Rana had later alleged that the bout was interrupted many times at the behest of Sushil and the officials were also threatened and finally, it was awarded to the 2010 World Champion.
Sushil has taken over more administrative responsibilities beyond the Chhatrasal stadium while still harbouring ambitions of continuing his wrestling career. While he has been a shadow of his past on the mat, losing in the second round at the 2018 Asian Games and first round at the 2019 World Championship, his administrative stints have also attracted controversy.
Sushil was re-elected the President of the School Games Federation of India, which was in news for all the wrong reasons. He had alleged that SGFI secretary had forged his signature to change the by-laws of the organisation and also committed irregularities.

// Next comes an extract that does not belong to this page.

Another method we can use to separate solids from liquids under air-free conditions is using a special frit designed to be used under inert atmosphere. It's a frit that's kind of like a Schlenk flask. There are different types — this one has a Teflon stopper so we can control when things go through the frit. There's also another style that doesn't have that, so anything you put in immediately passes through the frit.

Earlier, the SGFI was suspended by the sports ministry over violations of provisions of the National Sports Code while Sushil was the president. It was also under his tenure that a 15-year-old Indian swimmer drowned in Australia during the Pacific School Games in 2017. After the suspension of the body, the Sushil-led SGFI banned five office bearers responsible for Indian contingent at the Pacific School Games for five years, but continued to remain in power, according to a report by Newsclick.
A blow for Indian sport
As the police further investigate Sushil Kumar’s case and the matter comes up in court, India’s solitary double individual Olympic medallist doesn’t have the aura of a sporting icon anymore. While Sushil remains innocent until proven guilty, the barrage of allegations against him over the years barely does his case any good.
Sushil has fallen prey to the very traps that he did so well to overcome during his early days as a wrestler while also guiding fellow wrestlers on the way. Now, he is at centre of an episode that is a threat to the sport’s identity.

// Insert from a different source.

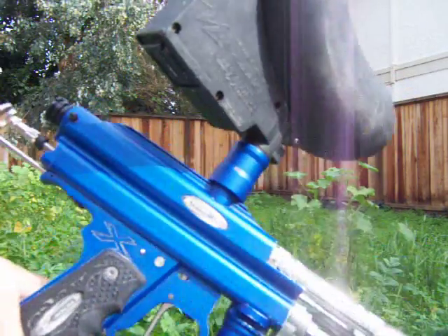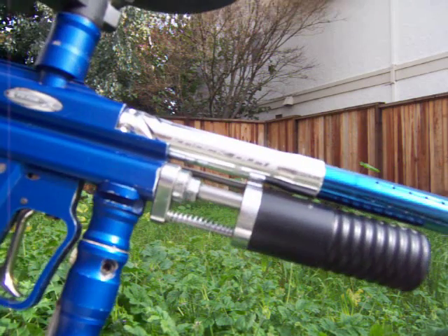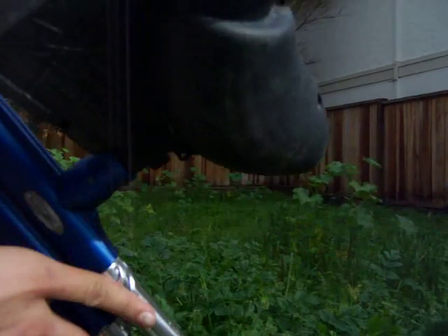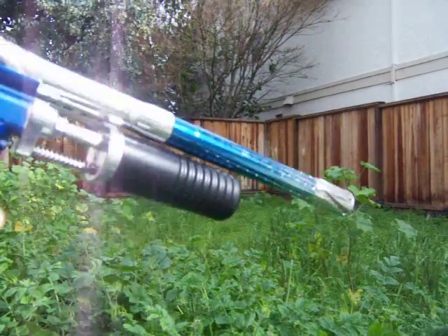Alright, this is my SystemX Sniper with CCM kit and the original handle that came on the old models. It has the very, very small ridges, and already with some Spectrum and a 685 barrel.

“I must say that the image of Indian wrestling has got hurt badly by this. The sport has struggled hard in earning a reputation because for long wrestlers were known only as a bunch of goons,” WFI Assistant Secretary Vinod Tomar told PTI.
For Indian sport too, Sushil Kumar’s arrest is a blow. It puts a dampener on one of its greatest Olympic feats, one that might well remain unmatched in the near future at least. It serves only to add to the negativity and gloom of the times. It is a fall from grace that is hard to digest for followers of Indian sport.